■ **WHAT TO WORK ON**:
Report every line of the data where the string "YouTube" appears.

■ **DATA**:

● ● ● ● ●

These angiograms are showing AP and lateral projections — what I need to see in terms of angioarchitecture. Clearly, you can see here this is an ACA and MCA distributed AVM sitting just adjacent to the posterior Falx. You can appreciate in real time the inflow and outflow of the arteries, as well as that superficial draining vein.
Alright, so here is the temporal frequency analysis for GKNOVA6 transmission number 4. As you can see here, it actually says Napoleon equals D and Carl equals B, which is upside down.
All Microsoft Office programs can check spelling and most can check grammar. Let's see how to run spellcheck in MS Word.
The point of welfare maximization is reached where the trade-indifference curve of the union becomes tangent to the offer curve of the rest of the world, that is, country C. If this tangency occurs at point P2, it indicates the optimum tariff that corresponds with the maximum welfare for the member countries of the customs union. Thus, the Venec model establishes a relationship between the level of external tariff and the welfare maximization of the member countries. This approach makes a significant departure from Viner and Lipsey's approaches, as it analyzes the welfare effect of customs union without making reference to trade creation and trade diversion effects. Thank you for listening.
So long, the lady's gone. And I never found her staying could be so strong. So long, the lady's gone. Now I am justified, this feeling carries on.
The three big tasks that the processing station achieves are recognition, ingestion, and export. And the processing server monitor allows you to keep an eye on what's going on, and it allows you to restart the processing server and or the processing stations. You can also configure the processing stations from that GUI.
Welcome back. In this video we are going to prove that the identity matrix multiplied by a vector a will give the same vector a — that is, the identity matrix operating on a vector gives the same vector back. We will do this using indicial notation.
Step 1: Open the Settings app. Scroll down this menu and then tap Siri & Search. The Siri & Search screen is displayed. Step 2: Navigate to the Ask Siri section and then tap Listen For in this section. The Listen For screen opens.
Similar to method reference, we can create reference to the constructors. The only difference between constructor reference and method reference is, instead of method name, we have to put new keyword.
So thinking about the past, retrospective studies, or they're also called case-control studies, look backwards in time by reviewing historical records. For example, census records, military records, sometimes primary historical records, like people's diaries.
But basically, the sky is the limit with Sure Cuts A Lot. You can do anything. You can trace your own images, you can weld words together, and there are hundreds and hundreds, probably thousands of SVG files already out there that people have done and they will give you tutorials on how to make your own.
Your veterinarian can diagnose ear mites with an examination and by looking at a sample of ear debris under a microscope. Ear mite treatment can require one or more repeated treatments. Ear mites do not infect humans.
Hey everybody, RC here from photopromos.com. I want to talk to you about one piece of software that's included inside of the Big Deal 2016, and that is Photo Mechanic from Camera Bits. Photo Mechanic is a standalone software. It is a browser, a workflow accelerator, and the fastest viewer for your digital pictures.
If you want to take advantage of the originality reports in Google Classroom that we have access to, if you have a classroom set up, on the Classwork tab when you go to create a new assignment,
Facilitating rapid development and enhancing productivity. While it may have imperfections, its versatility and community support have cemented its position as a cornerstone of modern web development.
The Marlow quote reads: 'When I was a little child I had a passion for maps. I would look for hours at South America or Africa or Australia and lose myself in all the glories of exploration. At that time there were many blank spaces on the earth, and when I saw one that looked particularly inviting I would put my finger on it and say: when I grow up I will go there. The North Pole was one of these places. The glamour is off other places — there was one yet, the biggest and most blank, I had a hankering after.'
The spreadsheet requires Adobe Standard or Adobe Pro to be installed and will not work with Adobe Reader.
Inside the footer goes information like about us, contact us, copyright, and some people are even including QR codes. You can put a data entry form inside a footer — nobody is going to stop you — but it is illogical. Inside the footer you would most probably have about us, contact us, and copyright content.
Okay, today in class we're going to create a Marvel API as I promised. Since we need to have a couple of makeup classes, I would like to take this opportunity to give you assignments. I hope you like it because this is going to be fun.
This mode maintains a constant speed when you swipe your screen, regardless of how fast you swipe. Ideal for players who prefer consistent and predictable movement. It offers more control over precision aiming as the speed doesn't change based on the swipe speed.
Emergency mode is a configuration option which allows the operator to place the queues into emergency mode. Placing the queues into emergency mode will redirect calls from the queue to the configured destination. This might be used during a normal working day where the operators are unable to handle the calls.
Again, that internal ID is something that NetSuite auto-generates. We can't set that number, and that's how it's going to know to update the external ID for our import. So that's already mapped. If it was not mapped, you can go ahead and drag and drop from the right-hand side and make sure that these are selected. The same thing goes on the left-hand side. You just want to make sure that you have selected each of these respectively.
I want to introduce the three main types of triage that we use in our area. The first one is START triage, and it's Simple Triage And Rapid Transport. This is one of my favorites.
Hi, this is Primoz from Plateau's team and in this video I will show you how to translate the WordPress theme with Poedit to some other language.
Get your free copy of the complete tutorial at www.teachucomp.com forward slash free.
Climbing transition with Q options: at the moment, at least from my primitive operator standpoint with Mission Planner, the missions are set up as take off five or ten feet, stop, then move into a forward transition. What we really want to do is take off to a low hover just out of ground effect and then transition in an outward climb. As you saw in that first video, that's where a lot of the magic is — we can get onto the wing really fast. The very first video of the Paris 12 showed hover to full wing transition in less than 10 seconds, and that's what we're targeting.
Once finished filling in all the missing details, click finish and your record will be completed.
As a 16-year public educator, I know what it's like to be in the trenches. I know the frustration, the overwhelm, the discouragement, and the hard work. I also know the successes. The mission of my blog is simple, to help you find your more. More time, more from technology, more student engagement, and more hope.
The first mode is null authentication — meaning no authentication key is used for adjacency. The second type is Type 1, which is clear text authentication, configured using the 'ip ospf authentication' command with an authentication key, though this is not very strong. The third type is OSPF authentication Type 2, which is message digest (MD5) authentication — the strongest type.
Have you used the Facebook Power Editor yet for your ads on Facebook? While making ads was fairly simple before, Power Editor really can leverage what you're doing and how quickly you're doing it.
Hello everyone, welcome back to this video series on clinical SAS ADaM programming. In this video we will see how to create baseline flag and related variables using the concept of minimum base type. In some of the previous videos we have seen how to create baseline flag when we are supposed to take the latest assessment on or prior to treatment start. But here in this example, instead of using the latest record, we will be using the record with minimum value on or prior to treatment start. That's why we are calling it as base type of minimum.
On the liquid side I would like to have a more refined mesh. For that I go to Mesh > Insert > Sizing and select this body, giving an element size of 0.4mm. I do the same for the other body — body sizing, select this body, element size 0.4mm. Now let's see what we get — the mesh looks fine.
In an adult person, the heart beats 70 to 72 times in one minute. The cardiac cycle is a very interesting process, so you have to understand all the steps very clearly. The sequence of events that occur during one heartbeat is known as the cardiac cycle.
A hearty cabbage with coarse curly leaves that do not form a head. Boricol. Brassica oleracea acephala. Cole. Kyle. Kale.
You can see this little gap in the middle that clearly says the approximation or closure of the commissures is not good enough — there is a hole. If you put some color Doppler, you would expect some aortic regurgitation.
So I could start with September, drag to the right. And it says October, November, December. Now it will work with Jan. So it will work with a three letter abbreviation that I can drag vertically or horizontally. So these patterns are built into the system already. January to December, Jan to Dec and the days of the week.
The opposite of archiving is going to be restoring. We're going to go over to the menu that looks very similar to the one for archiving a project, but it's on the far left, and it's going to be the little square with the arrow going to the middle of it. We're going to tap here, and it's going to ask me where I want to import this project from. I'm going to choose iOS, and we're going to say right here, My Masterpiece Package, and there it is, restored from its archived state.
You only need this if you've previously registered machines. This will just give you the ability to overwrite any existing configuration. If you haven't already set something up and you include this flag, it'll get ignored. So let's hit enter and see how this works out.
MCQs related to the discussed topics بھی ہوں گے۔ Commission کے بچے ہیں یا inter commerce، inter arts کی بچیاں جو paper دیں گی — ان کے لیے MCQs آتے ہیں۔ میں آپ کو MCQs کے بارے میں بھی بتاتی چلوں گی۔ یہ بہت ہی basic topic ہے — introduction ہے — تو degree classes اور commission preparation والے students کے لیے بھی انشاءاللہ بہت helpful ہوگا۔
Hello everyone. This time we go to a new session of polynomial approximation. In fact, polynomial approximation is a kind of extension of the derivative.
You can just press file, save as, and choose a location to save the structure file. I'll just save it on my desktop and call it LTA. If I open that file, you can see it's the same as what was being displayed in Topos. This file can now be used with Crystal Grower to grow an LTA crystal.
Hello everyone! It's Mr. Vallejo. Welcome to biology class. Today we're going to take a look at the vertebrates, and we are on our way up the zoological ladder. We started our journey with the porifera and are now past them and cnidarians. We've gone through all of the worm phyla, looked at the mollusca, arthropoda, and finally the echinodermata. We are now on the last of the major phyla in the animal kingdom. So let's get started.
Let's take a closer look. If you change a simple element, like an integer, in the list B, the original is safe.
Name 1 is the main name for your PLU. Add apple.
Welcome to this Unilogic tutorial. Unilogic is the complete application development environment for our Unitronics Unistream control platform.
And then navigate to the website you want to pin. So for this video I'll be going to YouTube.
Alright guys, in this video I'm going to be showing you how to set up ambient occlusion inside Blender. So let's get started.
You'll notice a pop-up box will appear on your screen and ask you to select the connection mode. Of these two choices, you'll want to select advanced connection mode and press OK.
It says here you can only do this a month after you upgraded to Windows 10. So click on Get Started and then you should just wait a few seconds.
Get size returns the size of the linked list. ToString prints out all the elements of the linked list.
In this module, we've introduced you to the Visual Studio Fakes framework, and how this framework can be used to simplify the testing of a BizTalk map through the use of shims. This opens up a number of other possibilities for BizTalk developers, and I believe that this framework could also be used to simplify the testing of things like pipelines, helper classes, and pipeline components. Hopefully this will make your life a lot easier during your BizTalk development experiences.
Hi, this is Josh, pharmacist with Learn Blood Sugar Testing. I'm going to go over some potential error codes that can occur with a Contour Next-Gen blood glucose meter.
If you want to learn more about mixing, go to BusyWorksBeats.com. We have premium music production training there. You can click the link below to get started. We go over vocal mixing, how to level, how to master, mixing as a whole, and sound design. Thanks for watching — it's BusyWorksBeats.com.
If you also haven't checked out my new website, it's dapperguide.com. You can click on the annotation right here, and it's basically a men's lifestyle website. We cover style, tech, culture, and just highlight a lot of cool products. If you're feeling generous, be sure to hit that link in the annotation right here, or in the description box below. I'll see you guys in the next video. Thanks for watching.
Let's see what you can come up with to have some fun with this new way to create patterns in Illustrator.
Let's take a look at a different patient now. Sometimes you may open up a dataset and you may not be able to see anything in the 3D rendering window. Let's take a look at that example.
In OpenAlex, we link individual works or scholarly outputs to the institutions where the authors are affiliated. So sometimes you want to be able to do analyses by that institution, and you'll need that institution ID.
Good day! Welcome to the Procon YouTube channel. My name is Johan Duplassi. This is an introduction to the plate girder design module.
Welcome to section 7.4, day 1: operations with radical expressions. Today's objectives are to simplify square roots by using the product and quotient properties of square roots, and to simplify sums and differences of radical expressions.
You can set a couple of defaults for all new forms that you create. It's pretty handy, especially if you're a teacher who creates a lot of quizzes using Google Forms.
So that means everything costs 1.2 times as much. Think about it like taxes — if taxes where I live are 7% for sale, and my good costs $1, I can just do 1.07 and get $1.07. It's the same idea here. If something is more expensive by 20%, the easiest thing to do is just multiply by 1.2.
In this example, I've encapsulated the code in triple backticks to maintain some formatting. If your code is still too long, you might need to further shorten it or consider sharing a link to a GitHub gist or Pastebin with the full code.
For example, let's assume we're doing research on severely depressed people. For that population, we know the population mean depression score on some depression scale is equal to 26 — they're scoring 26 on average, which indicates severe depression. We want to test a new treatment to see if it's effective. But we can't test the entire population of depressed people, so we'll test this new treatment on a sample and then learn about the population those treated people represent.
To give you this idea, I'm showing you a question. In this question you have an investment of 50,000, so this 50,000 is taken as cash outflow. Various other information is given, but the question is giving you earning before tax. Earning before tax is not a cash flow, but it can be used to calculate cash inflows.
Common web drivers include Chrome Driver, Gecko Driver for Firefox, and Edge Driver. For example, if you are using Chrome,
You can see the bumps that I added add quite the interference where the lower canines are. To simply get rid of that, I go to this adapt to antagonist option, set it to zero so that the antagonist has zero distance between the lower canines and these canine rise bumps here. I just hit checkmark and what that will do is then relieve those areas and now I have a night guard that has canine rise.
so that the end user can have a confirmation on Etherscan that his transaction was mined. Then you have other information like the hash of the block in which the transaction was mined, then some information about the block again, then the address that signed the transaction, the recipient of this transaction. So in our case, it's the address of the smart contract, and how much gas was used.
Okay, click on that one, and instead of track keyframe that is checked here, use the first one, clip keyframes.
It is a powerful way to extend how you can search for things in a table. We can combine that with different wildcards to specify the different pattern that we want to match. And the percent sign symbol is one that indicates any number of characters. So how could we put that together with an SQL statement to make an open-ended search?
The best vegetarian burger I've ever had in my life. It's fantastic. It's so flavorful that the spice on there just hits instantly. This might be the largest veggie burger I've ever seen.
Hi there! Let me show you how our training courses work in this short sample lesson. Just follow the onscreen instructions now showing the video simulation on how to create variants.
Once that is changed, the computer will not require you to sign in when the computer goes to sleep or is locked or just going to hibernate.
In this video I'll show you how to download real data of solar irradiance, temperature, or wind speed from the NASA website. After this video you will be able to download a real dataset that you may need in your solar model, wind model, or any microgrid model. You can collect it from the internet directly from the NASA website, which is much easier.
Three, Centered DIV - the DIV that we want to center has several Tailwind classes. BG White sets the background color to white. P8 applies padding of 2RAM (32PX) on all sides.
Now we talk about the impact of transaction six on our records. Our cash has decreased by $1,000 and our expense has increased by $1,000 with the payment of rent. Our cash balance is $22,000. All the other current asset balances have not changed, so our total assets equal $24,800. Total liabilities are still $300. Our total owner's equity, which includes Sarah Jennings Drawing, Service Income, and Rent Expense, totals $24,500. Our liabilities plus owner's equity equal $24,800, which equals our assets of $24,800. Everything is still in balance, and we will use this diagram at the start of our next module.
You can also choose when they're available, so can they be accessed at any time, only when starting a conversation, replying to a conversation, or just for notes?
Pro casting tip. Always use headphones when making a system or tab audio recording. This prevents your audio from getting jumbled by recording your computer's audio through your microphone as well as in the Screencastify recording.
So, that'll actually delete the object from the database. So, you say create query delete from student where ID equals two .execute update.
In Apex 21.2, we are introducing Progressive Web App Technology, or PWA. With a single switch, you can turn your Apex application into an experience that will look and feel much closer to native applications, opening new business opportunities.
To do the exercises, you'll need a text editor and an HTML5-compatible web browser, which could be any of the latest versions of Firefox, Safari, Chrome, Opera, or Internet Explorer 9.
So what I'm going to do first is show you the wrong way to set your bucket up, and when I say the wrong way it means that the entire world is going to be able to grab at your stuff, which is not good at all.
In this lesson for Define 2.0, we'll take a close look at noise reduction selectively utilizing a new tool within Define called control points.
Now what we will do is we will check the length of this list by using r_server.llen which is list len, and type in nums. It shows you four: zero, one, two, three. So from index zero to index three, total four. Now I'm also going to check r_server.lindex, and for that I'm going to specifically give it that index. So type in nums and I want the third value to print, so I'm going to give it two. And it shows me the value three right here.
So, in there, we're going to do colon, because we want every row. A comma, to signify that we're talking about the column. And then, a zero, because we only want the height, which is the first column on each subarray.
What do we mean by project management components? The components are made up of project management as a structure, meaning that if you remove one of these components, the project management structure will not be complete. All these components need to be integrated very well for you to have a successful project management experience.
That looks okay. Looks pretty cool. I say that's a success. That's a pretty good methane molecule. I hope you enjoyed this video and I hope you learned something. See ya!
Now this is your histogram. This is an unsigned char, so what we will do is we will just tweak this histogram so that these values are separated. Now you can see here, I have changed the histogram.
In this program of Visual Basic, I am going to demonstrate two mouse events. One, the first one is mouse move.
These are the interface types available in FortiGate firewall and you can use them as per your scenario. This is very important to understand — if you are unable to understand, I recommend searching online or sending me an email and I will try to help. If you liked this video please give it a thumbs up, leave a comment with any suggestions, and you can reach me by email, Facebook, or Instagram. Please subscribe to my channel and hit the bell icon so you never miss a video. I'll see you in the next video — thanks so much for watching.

● ● ● ● ●

■ **SOLUTION**:
And then navigate to the website you want to pin. So for this video I'll be going to YouTube.
Good day! Welcome to the Procon YouTube channel. My name is Johan Duplassi. This is an introduction to the plate girder design module.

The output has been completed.